Instructions for the task ▸ Only the lines below starting at the one that contains "Luxury Penthouse Sea" and ending at the one that contains "서울 서초구 서초동 강남역" are to be reproduced, exactly and with both ends kept.

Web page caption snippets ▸
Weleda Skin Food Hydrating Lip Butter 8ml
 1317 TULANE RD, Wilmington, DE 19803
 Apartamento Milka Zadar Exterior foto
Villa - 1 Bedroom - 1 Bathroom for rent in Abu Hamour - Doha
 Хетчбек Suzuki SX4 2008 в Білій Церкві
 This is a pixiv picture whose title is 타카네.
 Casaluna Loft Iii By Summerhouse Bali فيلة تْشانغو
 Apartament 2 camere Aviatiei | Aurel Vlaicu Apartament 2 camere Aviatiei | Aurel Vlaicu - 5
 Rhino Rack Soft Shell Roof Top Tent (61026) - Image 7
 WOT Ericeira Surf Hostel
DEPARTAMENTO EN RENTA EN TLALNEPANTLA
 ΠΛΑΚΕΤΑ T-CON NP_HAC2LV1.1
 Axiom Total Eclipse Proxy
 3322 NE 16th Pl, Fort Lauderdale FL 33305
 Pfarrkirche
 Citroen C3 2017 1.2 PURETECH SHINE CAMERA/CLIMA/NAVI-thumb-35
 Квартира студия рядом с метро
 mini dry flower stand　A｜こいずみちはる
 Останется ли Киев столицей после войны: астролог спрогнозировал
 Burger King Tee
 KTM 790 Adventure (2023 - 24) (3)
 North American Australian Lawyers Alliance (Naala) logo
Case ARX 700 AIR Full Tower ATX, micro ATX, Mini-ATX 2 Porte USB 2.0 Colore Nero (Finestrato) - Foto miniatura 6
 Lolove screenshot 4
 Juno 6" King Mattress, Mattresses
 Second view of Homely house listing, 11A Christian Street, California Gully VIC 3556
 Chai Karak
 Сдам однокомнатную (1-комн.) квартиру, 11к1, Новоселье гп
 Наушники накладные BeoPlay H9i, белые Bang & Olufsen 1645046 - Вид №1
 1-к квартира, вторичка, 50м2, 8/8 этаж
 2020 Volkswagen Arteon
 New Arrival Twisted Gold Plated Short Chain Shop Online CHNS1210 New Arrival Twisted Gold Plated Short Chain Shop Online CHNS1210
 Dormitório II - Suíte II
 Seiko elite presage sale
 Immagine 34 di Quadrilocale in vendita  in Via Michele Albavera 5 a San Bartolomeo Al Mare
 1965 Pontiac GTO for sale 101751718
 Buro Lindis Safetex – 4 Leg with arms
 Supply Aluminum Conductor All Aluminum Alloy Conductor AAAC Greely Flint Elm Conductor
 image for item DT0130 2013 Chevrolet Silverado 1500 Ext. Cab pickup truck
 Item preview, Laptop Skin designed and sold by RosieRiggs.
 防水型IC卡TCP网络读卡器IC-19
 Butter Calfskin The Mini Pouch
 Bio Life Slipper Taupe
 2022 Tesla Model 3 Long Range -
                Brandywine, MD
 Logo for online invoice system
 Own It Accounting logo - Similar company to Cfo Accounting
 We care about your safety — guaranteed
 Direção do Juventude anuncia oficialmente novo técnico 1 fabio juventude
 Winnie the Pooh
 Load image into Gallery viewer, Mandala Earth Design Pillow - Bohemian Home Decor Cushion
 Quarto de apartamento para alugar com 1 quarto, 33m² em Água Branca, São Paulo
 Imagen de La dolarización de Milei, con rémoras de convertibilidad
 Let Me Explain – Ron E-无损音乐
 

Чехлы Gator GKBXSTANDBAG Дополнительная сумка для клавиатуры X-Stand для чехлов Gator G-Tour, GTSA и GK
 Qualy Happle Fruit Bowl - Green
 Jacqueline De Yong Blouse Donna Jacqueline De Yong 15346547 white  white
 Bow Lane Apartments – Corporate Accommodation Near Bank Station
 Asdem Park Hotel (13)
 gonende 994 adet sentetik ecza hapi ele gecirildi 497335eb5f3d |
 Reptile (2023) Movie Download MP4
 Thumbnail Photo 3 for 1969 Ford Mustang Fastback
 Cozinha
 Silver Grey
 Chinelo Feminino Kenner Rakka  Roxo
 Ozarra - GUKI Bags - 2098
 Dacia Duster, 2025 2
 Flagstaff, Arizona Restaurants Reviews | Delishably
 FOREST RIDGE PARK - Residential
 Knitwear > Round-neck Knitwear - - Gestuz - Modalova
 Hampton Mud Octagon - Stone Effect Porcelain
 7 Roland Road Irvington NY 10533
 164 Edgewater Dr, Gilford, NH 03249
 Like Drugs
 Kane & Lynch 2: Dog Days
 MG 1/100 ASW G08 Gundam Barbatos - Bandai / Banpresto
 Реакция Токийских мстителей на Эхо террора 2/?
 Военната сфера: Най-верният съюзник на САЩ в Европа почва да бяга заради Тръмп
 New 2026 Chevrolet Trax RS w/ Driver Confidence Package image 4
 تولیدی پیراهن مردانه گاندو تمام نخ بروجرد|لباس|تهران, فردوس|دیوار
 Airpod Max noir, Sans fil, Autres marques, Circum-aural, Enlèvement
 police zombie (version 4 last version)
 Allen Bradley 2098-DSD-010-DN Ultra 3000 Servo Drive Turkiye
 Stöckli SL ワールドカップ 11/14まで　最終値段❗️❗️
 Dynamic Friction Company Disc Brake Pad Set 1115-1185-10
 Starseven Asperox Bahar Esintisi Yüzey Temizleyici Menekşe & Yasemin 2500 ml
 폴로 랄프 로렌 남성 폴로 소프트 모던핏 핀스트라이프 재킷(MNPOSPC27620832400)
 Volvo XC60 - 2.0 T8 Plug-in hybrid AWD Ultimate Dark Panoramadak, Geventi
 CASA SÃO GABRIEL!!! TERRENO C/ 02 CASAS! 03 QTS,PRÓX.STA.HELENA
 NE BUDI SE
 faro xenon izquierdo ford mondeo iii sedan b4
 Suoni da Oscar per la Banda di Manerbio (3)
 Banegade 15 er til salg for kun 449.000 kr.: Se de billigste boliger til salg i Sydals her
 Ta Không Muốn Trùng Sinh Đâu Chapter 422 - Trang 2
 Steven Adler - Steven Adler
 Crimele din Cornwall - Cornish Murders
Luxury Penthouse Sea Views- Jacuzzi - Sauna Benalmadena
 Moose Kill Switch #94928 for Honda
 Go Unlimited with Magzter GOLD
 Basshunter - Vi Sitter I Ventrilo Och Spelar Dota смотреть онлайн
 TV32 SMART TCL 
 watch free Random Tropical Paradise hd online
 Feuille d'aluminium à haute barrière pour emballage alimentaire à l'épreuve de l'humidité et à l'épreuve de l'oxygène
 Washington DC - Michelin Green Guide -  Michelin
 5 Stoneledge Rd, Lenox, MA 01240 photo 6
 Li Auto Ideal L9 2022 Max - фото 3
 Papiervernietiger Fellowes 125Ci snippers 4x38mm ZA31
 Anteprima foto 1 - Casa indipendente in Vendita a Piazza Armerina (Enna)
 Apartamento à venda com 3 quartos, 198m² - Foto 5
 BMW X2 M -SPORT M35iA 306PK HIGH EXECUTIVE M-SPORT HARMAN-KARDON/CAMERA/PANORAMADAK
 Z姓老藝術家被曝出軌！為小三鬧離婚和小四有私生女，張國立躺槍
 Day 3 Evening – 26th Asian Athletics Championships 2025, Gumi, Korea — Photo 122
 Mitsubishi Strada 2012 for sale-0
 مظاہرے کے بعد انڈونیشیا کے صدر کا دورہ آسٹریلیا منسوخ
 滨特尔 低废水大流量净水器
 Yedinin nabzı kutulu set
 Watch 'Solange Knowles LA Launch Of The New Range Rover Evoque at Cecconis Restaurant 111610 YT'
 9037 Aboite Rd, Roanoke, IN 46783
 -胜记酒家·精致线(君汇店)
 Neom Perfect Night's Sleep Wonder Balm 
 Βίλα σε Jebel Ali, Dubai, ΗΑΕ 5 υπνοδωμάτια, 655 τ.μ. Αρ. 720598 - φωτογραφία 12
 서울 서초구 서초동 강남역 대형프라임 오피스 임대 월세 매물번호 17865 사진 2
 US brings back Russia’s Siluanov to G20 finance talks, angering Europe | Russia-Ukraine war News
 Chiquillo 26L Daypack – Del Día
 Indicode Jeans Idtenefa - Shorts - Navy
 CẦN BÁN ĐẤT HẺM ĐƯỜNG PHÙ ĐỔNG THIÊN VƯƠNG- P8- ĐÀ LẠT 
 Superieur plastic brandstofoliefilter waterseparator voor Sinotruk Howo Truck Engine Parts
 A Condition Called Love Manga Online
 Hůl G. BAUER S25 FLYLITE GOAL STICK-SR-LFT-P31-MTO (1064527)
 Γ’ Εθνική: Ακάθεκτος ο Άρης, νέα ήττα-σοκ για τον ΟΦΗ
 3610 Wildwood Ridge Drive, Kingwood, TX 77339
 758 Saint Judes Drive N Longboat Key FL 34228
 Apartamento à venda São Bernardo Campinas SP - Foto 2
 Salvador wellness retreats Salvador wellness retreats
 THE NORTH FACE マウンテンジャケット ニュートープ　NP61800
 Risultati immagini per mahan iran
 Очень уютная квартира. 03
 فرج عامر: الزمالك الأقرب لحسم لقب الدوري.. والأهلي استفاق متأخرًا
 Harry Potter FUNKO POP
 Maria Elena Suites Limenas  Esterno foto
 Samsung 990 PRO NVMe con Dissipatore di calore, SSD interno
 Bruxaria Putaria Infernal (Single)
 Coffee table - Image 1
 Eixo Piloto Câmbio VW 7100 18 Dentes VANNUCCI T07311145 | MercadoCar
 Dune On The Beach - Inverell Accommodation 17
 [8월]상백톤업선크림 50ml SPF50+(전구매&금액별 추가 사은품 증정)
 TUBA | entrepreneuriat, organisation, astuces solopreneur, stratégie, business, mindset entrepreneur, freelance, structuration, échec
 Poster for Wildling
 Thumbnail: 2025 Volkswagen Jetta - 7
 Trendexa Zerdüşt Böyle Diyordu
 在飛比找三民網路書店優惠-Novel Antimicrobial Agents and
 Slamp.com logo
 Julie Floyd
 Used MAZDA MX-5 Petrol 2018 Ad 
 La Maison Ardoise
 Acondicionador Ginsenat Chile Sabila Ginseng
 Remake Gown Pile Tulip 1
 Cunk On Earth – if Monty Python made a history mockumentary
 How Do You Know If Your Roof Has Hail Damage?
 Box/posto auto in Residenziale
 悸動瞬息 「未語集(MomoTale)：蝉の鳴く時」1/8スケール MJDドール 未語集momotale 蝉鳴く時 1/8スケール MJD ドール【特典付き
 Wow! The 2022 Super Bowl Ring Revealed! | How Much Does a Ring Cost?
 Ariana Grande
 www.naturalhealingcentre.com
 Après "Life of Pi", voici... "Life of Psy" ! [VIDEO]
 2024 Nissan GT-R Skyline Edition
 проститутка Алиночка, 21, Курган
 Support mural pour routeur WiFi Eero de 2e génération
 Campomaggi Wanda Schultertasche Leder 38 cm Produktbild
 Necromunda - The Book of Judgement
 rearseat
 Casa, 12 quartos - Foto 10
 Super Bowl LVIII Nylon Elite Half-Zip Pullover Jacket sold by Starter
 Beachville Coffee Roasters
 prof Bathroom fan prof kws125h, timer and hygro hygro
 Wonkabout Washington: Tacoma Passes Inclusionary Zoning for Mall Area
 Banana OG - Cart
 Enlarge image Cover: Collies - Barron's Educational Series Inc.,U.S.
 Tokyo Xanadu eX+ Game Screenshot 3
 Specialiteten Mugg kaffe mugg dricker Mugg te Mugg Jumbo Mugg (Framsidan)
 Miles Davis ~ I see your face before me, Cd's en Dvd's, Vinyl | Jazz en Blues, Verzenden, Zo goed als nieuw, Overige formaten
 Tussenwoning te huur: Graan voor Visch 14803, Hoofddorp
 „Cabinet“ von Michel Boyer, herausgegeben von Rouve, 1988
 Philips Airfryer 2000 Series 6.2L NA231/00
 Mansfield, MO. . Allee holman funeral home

Solution ▸
Luxury Penthouse Sea Views- Jacuzzi - Sauna Benalmadena
 Moose Kill Switch #94928 for Honda
 Go Unlimited with Magzter GOLD
 Basshunter - Vi Sitter I Ventrilo Och Spelar Dota смотреть онлайн
 TV32 SMART TCL 
 watch free Random Tropical Paradise hd online
 Feuille d'aluminium à haute barrière pour emballage alimentaire à l'épreuve de l'humidité et à l'épreuve de l'oxygène
 Washington DC - Michelin Green Guide -  Michelin
 5 Stoneledge Rd, Lenox, MA 01240 photo 6
 Li Auto Ideal L9 2022 Max - фото 3
 Papiervernietiger Fellowes 125Ci snippers 4x38mm ZA31
 Anteprima foto 1 - Casa indipendente in Vendita a Piazza Armerina (Enna)
 Apartamento à venda com 3 quartos, 198m² - Foto 5
 BMW X2 M -SPORT M35iA 306PK HIGH EXECUTIVE M-SPORT HARMAN-KARDON/CAMERA/PANORAMADAK
 Z姓老藝術家被曝出軌！為小三鬧離婚和小四有私生女，張國立躺槍
 Day 3 Evening – 26th Asian Athletics Championships 2025, Gumi, Korea — Photo 122
 Mitsubishi Strada 2012 for sale-0
 مظاہرے کے بعد انڈونیشیا کے صدر کا دورہ آسٹریلیا منسوخ
 滨特尔 低废水大流量净水器
 Yedinin nabzı kutulu set
 Watch 'Solange Knowles LA Launch Of The New Range Rover Evoque at Cecconis Restaurant 111610 YT'
 9037 Aboite Rd, Roanoke, IN 46783
 -胜记酒家·精致线(君汇店)
 Neom Perfect Night's Sleep Wonder Balm 
 Βίλα σε Jebel Ali, Dubai, ΗΑΕ 5 υπνοδωμάτια, 655 τ.μ. Αρ. 720598 - φωτογραφία 12
 서울 서초구 서초동 강남역 대형프라임 오피스 임대 월세 매물번호 17865 사진 2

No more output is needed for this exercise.